Knowledge is power: Understanding common legal terms for NJ family law

Employment LawUseful terms for your NJ Family Law Case

 

The saying “knowledge is power” is relevant to New Jersey Family Law.  At The Durst Firm, we believe that educating our clients allows them the better engage in the proceedings, better understand what is happening with their case, and better assist us as their attorney in achieving an optimal result.

 

As attorneys, we too easily forget that we often speak in “legalese” and use terms that are not familiar to many.  To help reduce the confusion, we offer the following list of commonly used terms.

Arrears: Arrears are unpaid or overdue child support, alimony, or spousal support payments.

Application: An application is written request in which you ask the court to issue an order or to change an order that has already been issued.

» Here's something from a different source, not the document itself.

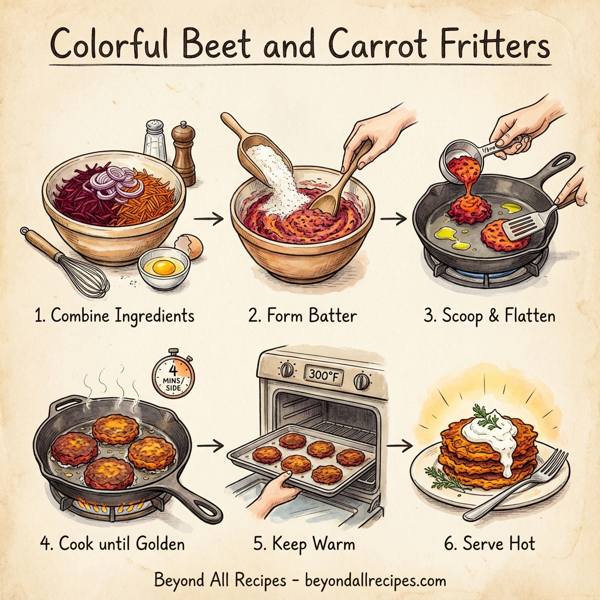 Colorful Beet and Carrot Fritters instructions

Certification: A certification is a written statement made to the court when you file papers with the court, swearing that the information contained in the field papers is true.

Child Support Number (also referred to as “CS Number”): The Child Support Number is the identifying number assigned to your child, spousal, or alimony support case.

Complaint: A complaint is a formal document filed in court that starts a case. It typically included the names of the parties and the issues you are asking the court to decide.

Court Order: A court order is the written decision issued by court of law. For example, a child support order sets forth how often, how much, and what kind of support is to be paid.

Docket Number: The docket number is the identifying number assigned to every case filed in the court.

Exhibits: Exhibits are written documents you provide to the court to support what you want the court to decide.

Income Withholding/Wage Garnishment: Income Withholding/Wage Garnishment is a process where automatic deductions are made from wages or other income to pay your support obligation. Income withholding has been mandatory since the enactment of the Family Support Act of 1988.

New Jersey Child Support Guidelines: Both parents are responsible for financial and emotional support of their children. New Jersey has developed a standard method for calculating child support based on the income of both parents and other factors. The full set of NJ Child Support Guidelines is contained in Rule 5:6A of the New Jersey Court Rules.

Obligor/Payor: An obligor/payor is the person ordered by the court to pay support also known as the non-custodial parent (NCP).

Obligee/Payee: An obligee/payee is the person, agency, or institution who receives support, also known as the custodial parent (CP).

Petitioner: Petitioner is another name for the person starting the court action by filing the appropriate papers the court will consider.

Respondent: Respondent is another name for the person who is named as the other party in the court action filed by the petitioner. This person can answer the filed by petitioner by filing a cross motion or written response with the court.

Relief: To ask for relief is to ask the court to grant something such as custody, parenting time, or support.

Support Obligation: Support Obligation is the amount of support that the court orders the obligor to pay. The court order includes how much and how often support has to be paid. (i.e., per week, per month, bi-weekly, etc.).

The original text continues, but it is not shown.